The inspiration for this project was firstly to try using ML to solve a real world problem. Football is an incredibly hard sport to predict given how fickle the games outputs are. Therefore, we tried to use ML to predict the scores and which team won. This is super variable in the sports industry since an absolute ton of people bet online.
What it does
What the user does is choose two teams, one home and one away the program runs and outputs the winner along with the score.
How we built it
- We used pandas to clean the data, so we attributed numbers to the team names, got rid of strings such as dates and division.
- We attributed a system where 1 was if the home team won -1 was if the home team lost an 0 was if they drew.
- We created the matrices and we used Random Forest Classification to create a model.
- We created functions that took in inputs and outputted the data we wanted (goals, who won).
- We created a UI interface in a website form using html and css where the user clicks the two teams he/she wants to use and these values are taken and inputted into the respective functions.

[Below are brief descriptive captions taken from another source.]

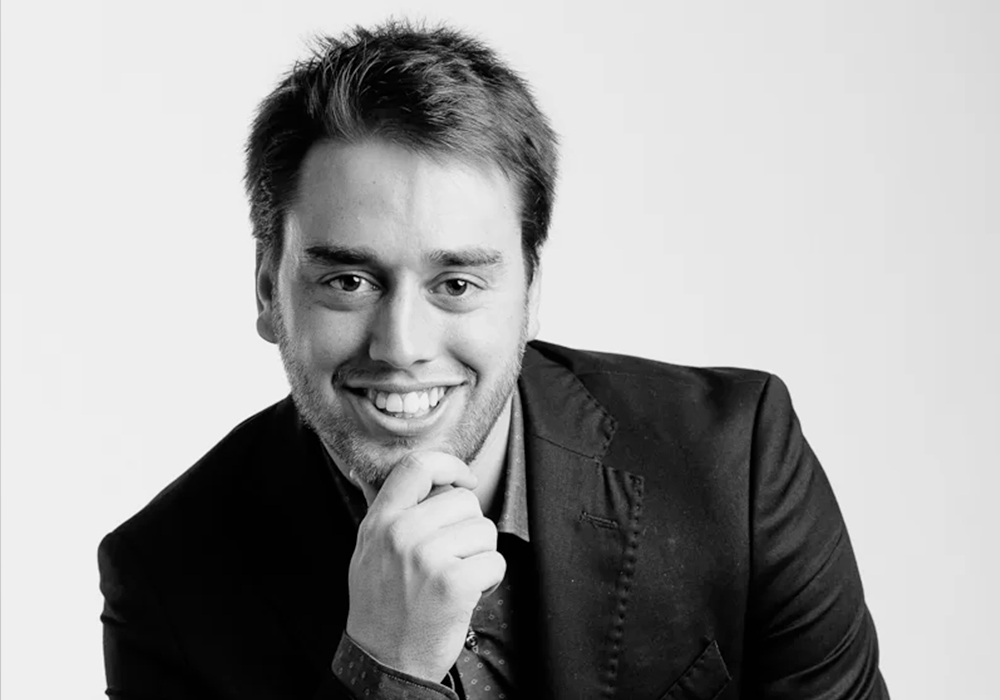 tommaso magliozzi abito agenzia immobiliare
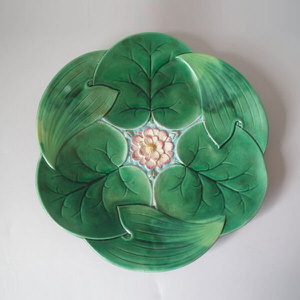 George Jones Majolica Pond Lily Plate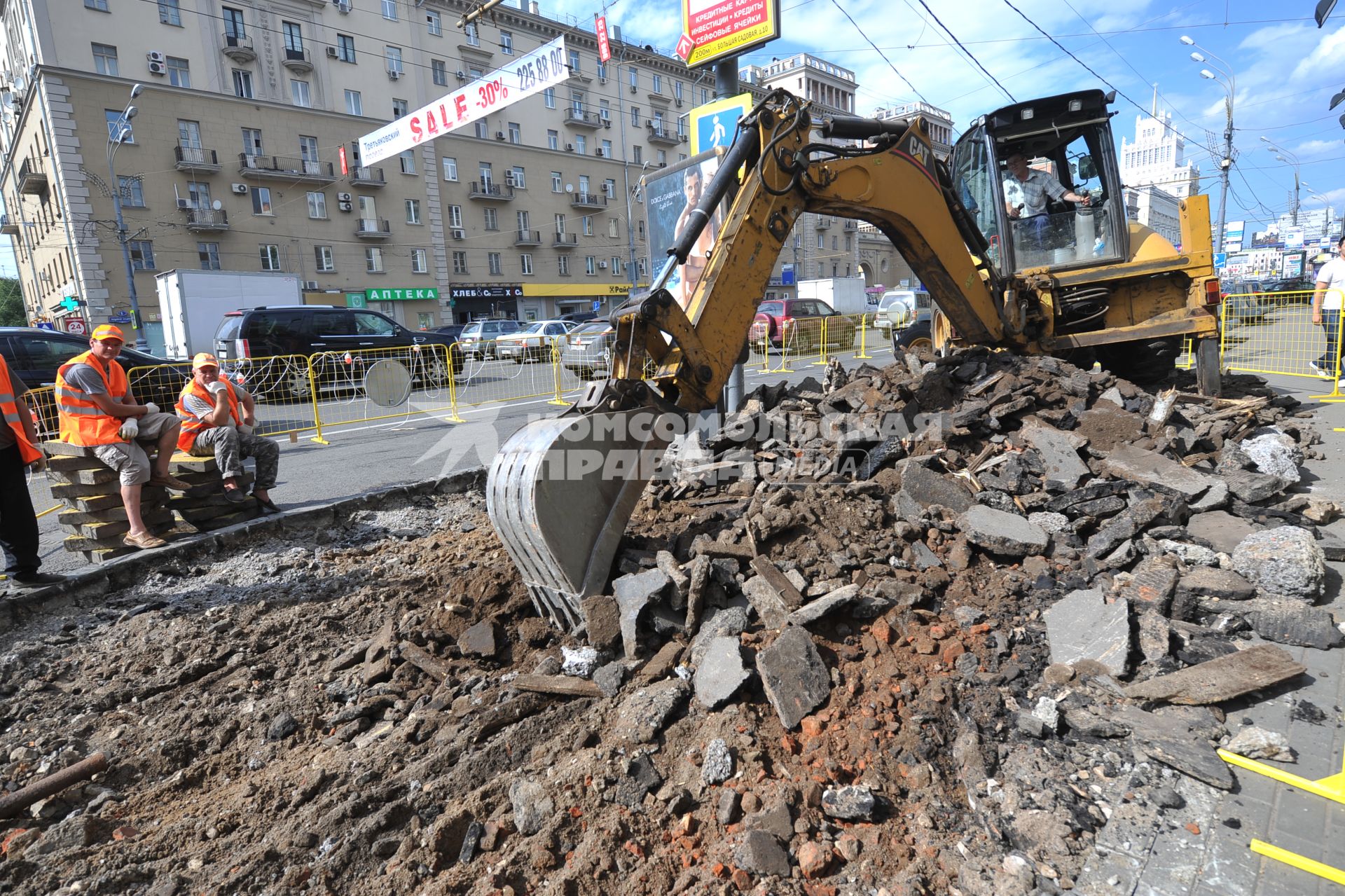 Работы по укладке тротуарной плитки начались на 20 улицах Москвы.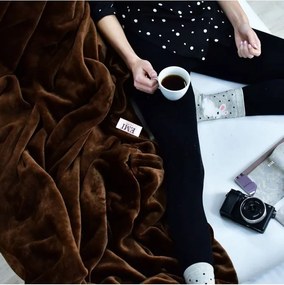 EMI sötétbarna színű mikroszálas takaró 150 x 200 cm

- Another function is called to output the winning team and score.
Challenges I ran into
There was a LOT of challenges in this program especially since both of us were completely new to programming. A lot of problems occured with CSV files outputting floats instead of ints after mapping and when combing csv by copy and pasting, everything became an object. Another problem was taking the user inputs and storing them as the appropriate variables for the teams and inputting them in the function. Since our data is multivariate input and multivariate output, linear regression (what we learned in the workshop) did not really work. Thus, we had to find an appropriate model generator, which works with this. We used random forest classification which in itself was pretty tough to understand.
Accomplishments that we're proud of
We actually made an entire program from the website to the underlying code. We actually used Machine Learning to predict something and learned the basic processes of data science (which is the field I want to go into). We also got relatively good accuracy on our predicted data.
What I learned
I learned how to:
- Clean data using panda
- Use scikit to create a model
- Learned what Random Forest Classification is (kind of)
- Learned how to create a website using html
- Learned how to take data from html and input in a python script
Ideally we would like to fine tune it with more data and change the input matrix to include not just the teams but win percentage which then could automatically be inputted to give better data. Also we could tackle other areas of football such as the lucrative World Cup.